Assignment → The lines from the start of the records below through the line containing "Laumoi 120 Pcs" are to be copied exactly, both ends included, with nothing added.
────
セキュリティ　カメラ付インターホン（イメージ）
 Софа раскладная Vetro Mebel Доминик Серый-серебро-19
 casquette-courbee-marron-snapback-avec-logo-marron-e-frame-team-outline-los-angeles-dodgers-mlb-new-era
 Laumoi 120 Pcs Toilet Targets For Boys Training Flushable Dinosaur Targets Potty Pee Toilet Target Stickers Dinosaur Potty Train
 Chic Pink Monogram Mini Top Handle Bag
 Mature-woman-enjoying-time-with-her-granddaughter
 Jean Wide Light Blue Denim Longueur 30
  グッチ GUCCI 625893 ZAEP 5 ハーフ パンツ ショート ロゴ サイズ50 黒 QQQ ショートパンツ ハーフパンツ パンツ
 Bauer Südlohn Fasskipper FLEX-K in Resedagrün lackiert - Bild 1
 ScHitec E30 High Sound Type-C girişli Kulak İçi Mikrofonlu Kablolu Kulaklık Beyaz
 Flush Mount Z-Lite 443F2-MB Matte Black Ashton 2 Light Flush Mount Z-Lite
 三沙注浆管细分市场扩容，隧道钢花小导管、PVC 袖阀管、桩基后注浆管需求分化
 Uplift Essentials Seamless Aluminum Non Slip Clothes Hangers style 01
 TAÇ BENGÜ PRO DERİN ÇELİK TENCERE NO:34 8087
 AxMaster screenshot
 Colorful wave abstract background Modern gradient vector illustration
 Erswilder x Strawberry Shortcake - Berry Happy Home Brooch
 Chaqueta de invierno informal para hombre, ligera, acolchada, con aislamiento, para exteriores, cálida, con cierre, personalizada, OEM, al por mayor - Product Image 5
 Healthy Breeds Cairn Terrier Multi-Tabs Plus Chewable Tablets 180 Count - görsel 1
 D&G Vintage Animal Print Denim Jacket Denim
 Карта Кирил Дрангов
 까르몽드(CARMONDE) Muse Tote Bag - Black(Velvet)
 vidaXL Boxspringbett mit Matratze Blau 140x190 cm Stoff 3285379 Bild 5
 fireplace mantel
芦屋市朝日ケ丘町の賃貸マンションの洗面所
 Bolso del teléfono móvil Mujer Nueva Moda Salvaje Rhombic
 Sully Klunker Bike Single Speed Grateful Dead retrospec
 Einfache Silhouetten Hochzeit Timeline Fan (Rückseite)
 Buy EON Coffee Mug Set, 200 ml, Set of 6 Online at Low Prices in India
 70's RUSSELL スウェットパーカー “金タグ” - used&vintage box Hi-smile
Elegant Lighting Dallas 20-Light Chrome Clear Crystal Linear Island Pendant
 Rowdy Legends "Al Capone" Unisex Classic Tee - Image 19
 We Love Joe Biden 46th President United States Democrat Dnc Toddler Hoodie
────
Output below →
セキュリティ　カメラ付インターホン（イメージ）
 Софа раскладная Vetro Mebel Доминик Серый-серебро-19
 casquette-courbee-marron-snapback-avec-logo-marron-e-frame-team-outline-los-angeles-dodgers-mlb-new-era
 Laumoi 120 Pcs Toilet Targets For Boys Training Flushable Dinosaur Targets Potty Pee Toilet Target Stickers Dinosaur Potty Train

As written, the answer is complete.